I’ve cut cotoneaster too, which is next to the fuchsia by the front door, the bush is covered in red berries and the leaves are turning red – it looks glorious – I don’t know the variety as this was one of the few plants in the garden when I arrived. The cotoneaster is proping up the fuchsia stems just like it does in the garden. The dianthus was a gift and this is the very last flower – the plant never really got going this year as it’s been so wet. I bought the fuchsia in Morrisons of all places and it’s tom thumb (or a relative) – It grows to window hight which makes a lovely view when I’m washing up.
I decided to take a photo indoors too – I rarely do take indoor photos of anything as my house is quite dark (north facing) and small so there’s always something in the background.
I painted the jug at ‘Pottery Corner’ in Chorlton*, Manchester in March 2016, using glass paint. It’s just one of the many things I’ve done with my WI pals from Cottonopolis WI www.cottonopoliswi.com, in Ancoats in Manchester. I was really pleased with how well they came out, as I’m quite clumsy and not much of an artist. Do come along if you’re local or look out for a WI – it’s not what you think it will be like 🙂
Looking back – first fuchsias (and first terracotta pots)

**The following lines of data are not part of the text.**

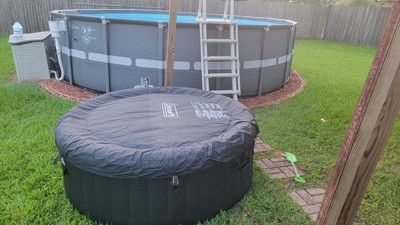 Coleman SaluSpa 6 Person Round Portable Inflatable Outdoor Hot Tub Spa with  140 Air Jets, Cover, and Pump, Green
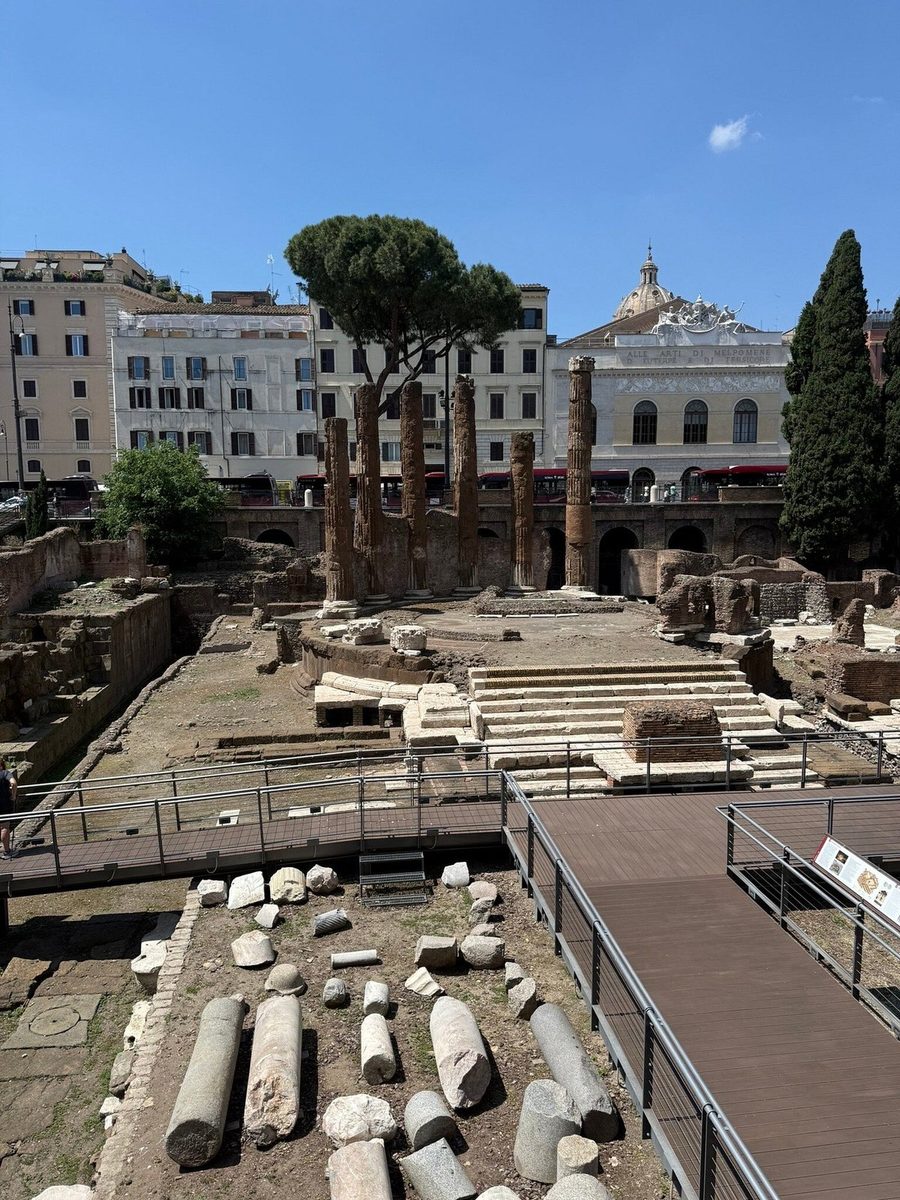 The ruins of the Roman Forum with rows of stone fragments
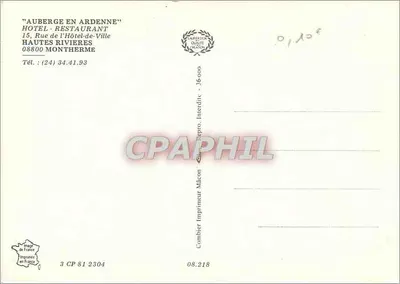 Pousada nas Ardenas — Altas Ribeiras — Impressor Combier — Verso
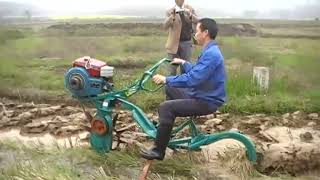 MIni Paddy Field Rice Weederfarm cultivatorrotary power tiller agricul tural [upl. by Anahtor]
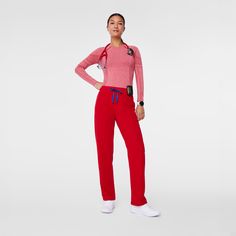 Official FIGS® Scrubs. Ridiculously Soft Scrubs Designed Just For You. Get Free Shipping On Orders $50+! | FIGS Womens Winning Red High Waisted Livingston - Tall Basic Scrub Pant™ Maroon Scrubs Outfit, Maroon Scrubs, Scrub Outfits, Black Figs, Scrubs Outfit, Scrubs Uniform, Figs Scrubs, Red High, Scrub Pants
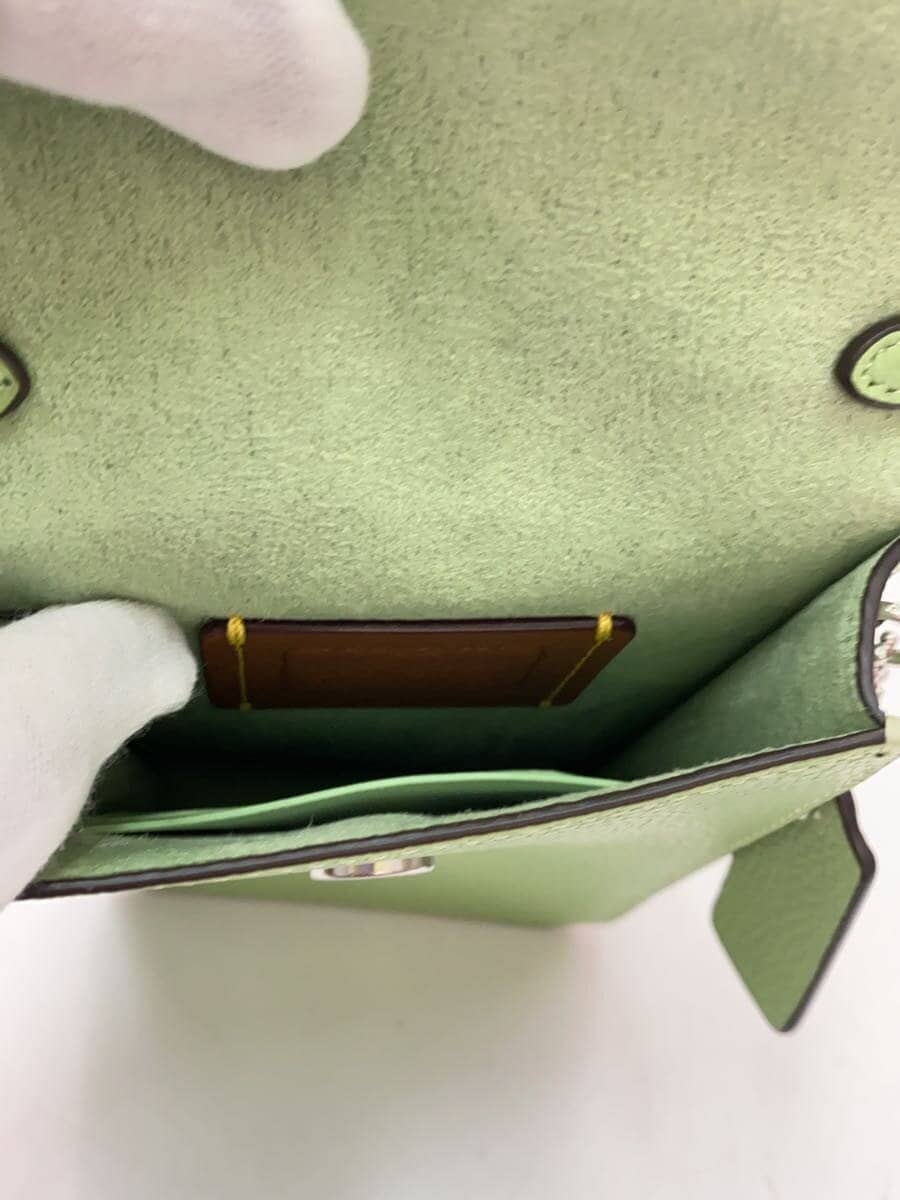 COACH Shoulder Bag Leather GRN Plain CH815 6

I looked back on Facebook and found some photos of the first pots I had in my garden. My Mum came up to visit in May 2010, bringing some spare terracotta pots, and we spent a happy few hours planting them up. The number of terracotta pots has grown rather alot since then 🙂
In August 2010, I wrote (on facebook),
more pots in my garden – I had such fun planning these… could be turning into a closet gardener…
In fact, I’ve always been a gardener but I lived in flats in Manchester for over 20 years, so had no opportunity to do much. I’d garden when I was at home at my Mum and Dad’s house down South. A small garden was the number one priority when I was looking for a house to buy.
I wrote about my Mum and her love of gardening in one of my early posts in February 2015 and fuchsias get a mention too. Considering how many fuchsias I have around the garden, and how long they flower for, I’m really surprised how rarely they’ve appeared in posts or in Vases:
- Childhood garden memories – 25 Feb 2015
- Fuchsias still flowering – 25 November 2015
- In a Vase on Monday – A long time ago in a galaxy far far away (featuring a fuchsia called Star Wars) – 14 December 2015
I love fuchsias and have plenty of tender ones which live in the garage over the winter (as we don’t have space for a greenhouse). I really must remember to pick and photograph more fuchsias next year.
I’m dreaming of Spring and planting bulbs in pots in the porch where it’s dry and my Chap is distributing the pots around the garden. This week Cathy has a very zingy pink Chrysanthumum which is making me think of high summer. Do have a look at her post on Rambling in the Garden, where people from around the world post pictures of flowers from their gardens and localities. No matter how grey and wet the weather is, these beautiful photos and descriptions lift my mood.
Have a lovely week and I hope it’s dry where you are.
love Bec xx
* I paid full price for my painted vases and wasn’t asked to write a blog post about Pottery Corner.